La recette est-elle la bonne et, comme l’on dit, la mayonnaise va-t-elle prendre ? Ou encore : sera-ce une tentative sans lendemain ou le début d’un mouvement général, puisque l’on sait bien que le mécontentement latent et sporadique dans ces circonstances de crise est si grand qu’il existe effectivement un potentiel pour une mobilisation générale ? La question vaut d’autant plus d’être posée que la politique joue à plein, notamment la frustration des démocrates qui sont depuis deux ans sur la défensive face aux républicains, qui jugent qu’ils ont là une occasion en or de lancer une contre-offensive qui rencontrerait un grand écho populaire, qui semblent effectivement vouloir lancer cette contre-offensive (après le Wisconsin, l’Ohio et l’Indiana).

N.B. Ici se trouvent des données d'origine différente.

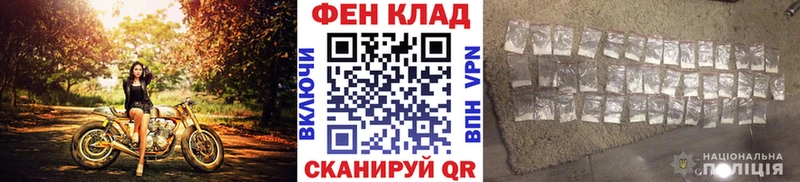 что такое   blacksprut ссылки  МЕТАМФЕТАМИН витя  Кропоткин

Même le prudent Obama semble vouloir s’engouffrer dans la brèche, pour effectivement tenter de rétablir son assise politique sur sa gauche, finalement à peu de frais pourrait-il penser, puisque c’est un gouverneur républicain qui est le détonateur de la chose.

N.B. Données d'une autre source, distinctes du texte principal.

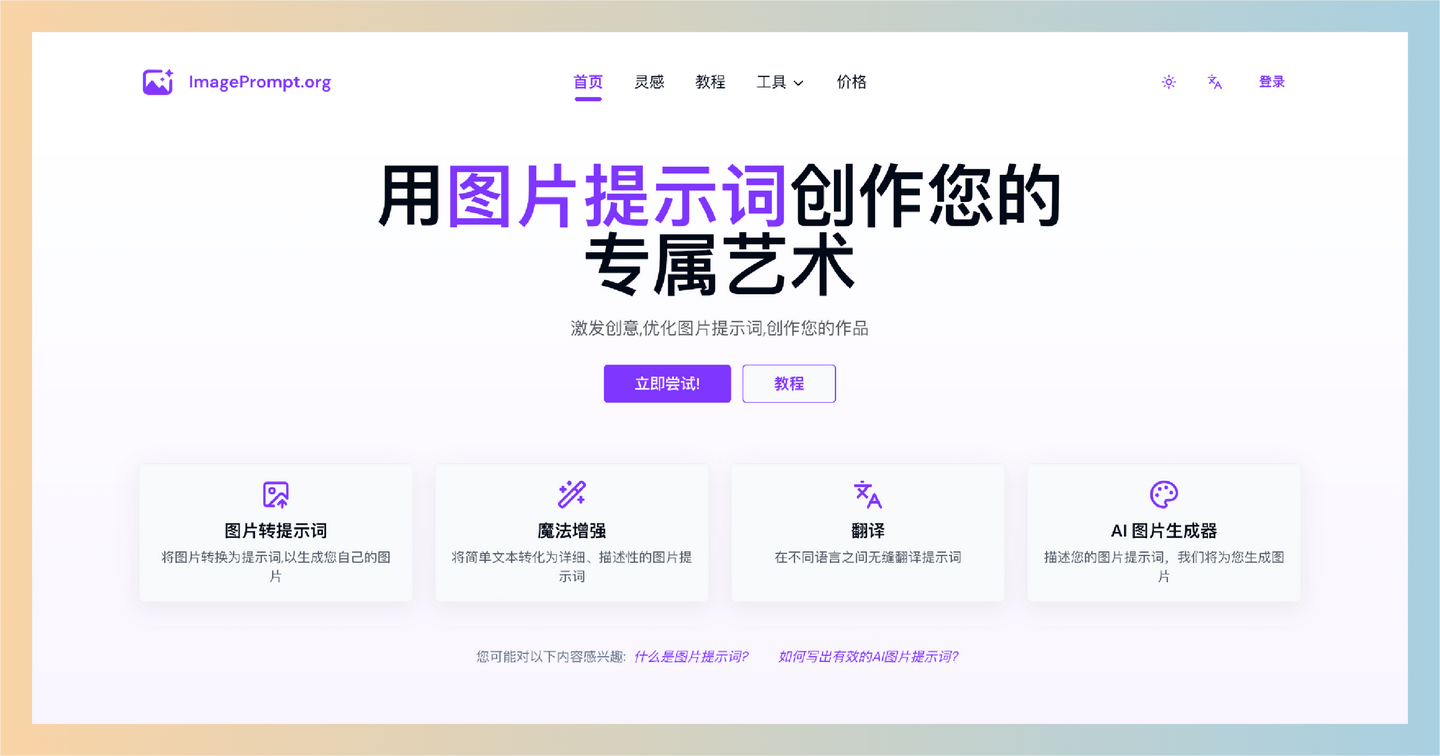 ImagePrompt：图片提示词生成器，将想法变成现实，只需简单的文字描述，就能生成惊艳的图片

Dans cette sorte de circonstances, on oublie les responsabilités initiales, où le gouvernement fédéral (donc Obama) a plus que sa part avec sa politique durant la crise et son refus de venir en aide aux Etats de l’Union en tant que tels. Mais ce n’est pas très grave, ni particulièrement injuste, la responsabilité incombant finalement à tout l’establishment, démocrates et républicains mêlés. Ce qui nous importe, bien entendu, ce n’est pas l’enjeu politique, voire politicien ; c’est l’éventuel enjeu pour la stabilité de la situation US en général, si la contestation prend de l’extension ; c’est la question de savoir s’il n’y a pas, dans cette situation également, un “perfect storm” comme celui qu’évoquait Hillary Clinton pour le Moyen-Orient, en formation pour les USA. A ce point, on peut simplement observer que l’hypothèse n’est plus tout à fait absurde.

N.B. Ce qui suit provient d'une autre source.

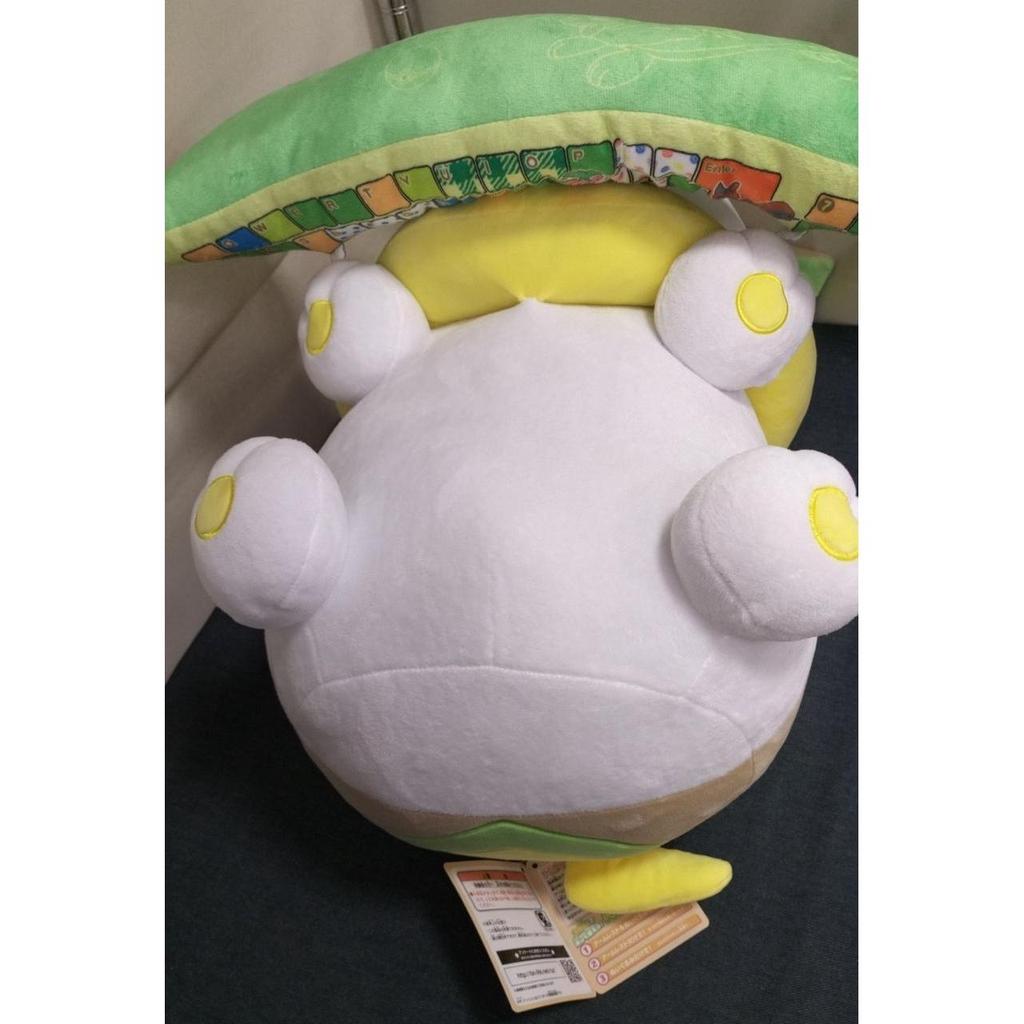 Bandai PC Cushion Onepachi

Quoi qu’il en soit, l’enseignement majeur jusqu’ici, c’est le constat renouvelé de la formidable puissance des images qui prennent une dimension symbolique grâce à leur diffusion par le système de la communication, et donc l’interconnexion indirecte très forte entre les événements du monder, et des événements qui n’ont en apparence pas de liens entre eux. Pour la beauté de la chose, il serait sympathique de voir les USA, qui donnent au monde entier des leçons de “démocratisation”, et le font même au risque de déstabiliser certains de leurs alliés stratégiques, se retrouver avec leur propre mouvement populaire qui en viendrait à exiger la “démocratisation” pour la Grande République usurpée par sa direction.